= Short web captions =
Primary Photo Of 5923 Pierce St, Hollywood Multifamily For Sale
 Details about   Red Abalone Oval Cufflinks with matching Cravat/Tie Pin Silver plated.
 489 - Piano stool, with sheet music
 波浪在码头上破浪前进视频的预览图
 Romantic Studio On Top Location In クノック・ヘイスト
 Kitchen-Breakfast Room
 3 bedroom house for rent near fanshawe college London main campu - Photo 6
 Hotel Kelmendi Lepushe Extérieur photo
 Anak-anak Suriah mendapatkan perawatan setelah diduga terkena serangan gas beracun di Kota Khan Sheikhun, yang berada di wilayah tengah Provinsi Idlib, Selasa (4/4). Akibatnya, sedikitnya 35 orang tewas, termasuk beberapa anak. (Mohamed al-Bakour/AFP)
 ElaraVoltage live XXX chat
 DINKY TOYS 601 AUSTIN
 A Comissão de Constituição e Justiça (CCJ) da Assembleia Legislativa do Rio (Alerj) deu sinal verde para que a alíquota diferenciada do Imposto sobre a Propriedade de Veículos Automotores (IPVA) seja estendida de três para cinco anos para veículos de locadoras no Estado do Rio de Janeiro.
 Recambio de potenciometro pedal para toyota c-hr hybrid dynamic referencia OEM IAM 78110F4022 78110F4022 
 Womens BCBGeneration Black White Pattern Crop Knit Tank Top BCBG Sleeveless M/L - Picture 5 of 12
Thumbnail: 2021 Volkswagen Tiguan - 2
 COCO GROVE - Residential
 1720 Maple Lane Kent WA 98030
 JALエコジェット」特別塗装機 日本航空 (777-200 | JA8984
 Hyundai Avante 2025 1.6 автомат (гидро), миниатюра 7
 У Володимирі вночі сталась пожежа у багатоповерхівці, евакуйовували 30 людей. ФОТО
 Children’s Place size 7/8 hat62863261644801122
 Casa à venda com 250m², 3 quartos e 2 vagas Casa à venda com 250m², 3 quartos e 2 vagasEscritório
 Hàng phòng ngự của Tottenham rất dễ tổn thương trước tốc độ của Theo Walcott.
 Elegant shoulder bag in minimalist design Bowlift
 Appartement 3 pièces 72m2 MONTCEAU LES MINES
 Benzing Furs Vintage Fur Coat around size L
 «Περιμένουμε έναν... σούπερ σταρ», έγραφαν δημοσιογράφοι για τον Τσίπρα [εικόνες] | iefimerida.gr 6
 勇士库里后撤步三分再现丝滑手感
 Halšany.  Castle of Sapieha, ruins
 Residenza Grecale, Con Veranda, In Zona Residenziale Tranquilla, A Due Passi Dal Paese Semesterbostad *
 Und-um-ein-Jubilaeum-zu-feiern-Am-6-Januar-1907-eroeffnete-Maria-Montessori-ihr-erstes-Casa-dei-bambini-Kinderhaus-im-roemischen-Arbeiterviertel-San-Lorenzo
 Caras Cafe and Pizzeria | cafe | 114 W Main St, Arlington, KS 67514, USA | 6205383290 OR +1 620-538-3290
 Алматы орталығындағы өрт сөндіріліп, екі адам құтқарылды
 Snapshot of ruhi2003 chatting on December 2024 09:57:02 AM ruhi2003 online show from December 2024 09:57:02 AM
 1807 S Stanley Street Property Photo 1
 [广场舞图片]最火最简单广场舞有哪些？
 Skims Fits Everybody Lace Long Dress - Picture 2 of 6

= Task objective =
When you reach the line holding "Hotel Kelmendi Lepushe Extérieur photo" in the records above, begin reproducing exactly, stop after the line holding "of Sapieha, ruins", and output nothing else.

= Answer below =
 Hotel Kelmendi Lepushe Extérieur photo
 Anak-anak Suriah mendapatkan perawatan setelah diduga terkena serangan gas beracun di Kota Khan Sheikhun, yang berada di wilayah tengah Provinsi Idlib, Selasa (4/4). Akibatnya, sedikitnya 35 orang tewas, termasuk beberapa anak. (Mohamed al-Bakour/AFP)
 ElaraVoltage live XXX chat
 DINKY TOYS 601 AUSTIN
 A Comissão de Constituição e Justiça (CCJ) da Assembleia Legislativa do Rio (Alerj) deu sinal verde para que a alíquota diferenciada do Imposto sobre a Propriedade de Veículos Automotores (IPVA) seja estendida de três para cinco anos para veículos de locadoras no Estado do Rio de Janeiro.
 Recambio de potenciometro pedal para toyota c-hr hybrid dynamic referencia OEM IAM 78110F4022 78110F4022 
 Womens BCBGeneration Black White Pattern Crop Knit Tank Top BCBG Sleeveless M/L - Picture 5 of 12
Thumbnail: 2021 Volkswagen Tiguan - 2
 COCO GROVE - Residential
 1720 Maple Lane Kent WA 98030
 JALエコジェット」特別塗装機 日本航空 (777-200 | JA8984
 Hyundai Avante 2025 1.6 автомат (гидро), миниатюра 7
 У Володимирі вночі сталась пожежа у багатоповерхівці, евакуйовували 30 людей. ФОТО
 Children’s Place size 7/8 hat62863261644801122
 Casa à venda com 250m², 3 quartos e 2 vagas Casa à venda com 250m², 3 quartos e 2 vagasEscritório
 Hàng phòng ngự của Tottenham rất dễ tổn thương trước tốc độ của Theo Walcott.
 Elegant shoulder bag in minimalist design Bowlift
 Appartement 3 pièces 72m2 MONTCEAU LES MINES
 Benzing Furs Vintage Fur Coat around size L
 «Περιμένουμε έναν... σούπερ σταρ», έγραφαν δημοσιογράφοι για τον Τσίπρα [εικόνες] | iefimerida.gr 6
 勇士库里后撤步三分再现丝滑手感
 Halšany.  Castle of Sapieha, ruins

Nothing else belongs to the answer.